46 James is undoubtedly referring here to Taney’s animosity toward Northern abolitionists.
47 The Thirty-Fourth Congress, which adjourned March 1857, received blistering criticism for corruption, and Washington lobbyists formed a prime target. The House of Representatives had become so tainted with “land-jobbing, treasury-plundering and fraud encouraging” that a Congressional Corruption Committee was formed to investigate. See, “The Congressional Corruption Committee—Its Causes and Effects,” New York Herald, May 20, 1857; “Thirty-Fourth Congress, Second Session. Great Excitement in The House. The Corruption Investigation,” Philadelphia Inquirer, May 20, 1857; Stampp, America in 1857, 27–28.
48 The United States had thirty-one states in 1857. As Alexander Keyysar has noted, in the half-century or so before the Civil War, “every state…held at least one constitutional convention, and more than a few held several.” The Right to Vote: The Contested History of Democracy in the United States (New York: Basic Books, 2000), 26–27. These conventions, in lowering or removing property and tax barriers to white male suffrage as well as democratizing other political forms, unleashed disruptive popular forces in most states.
49 In 1855, J. C. Van Dyke, United States district attorney for Philadelphia, prosecuted Henry Hertz for violations of the Neutrality Act of 1818. With the approval of John F. Crampton, British Minister to the United States, Hertz had been working to enlist persons in the United States for military service in the British army battling Russian forces in Crimea.
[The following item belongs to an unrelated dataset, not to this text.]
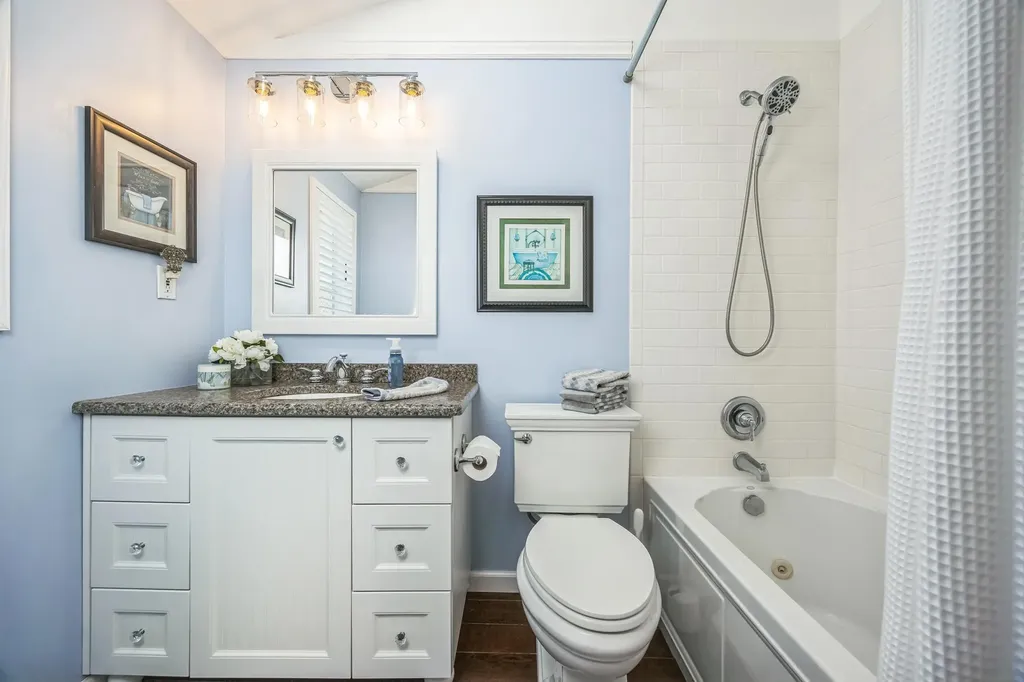 26 Forte Avenue Old Bethpage NY 11804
United States attorney general Caleb Cushing, Anglophobic, expansionist, and pro-Southern, regarded the evidence of British complicity at the highest levels as damning and sought to expel Crampton and several implicated British consuls from their posts in the United States. At the beginning of Hertz’s trial, Van Dyke read out loud before the court a missive from Cushing that blasted the British government for disrespecting the United States and violating its territorial sovereignty. Cushing’s letter received much publicity and strained relations between the United States and Great Britain at a time of growing tension between the two countries over Central America. The best analysis of Hertz and the enlistment crisis is William F. Liebler, “John Bull’s American Legion: Britain’s Ill-Starred Recruiting Attempt in the United States during the Crimean War,” Pennsylvania Magazine of History and Biography 99 (July 1975): 309–35. See also Claude M. Fuess, The Life of Caleb Cushing, 2 vols. (New York: Harcourt, Brace and Company, 1923), 2:165–71, and Documents Relative to Central American Affairs, and the Enlistment Question (Washington, DC: C. Wendell, 1856), 245–485.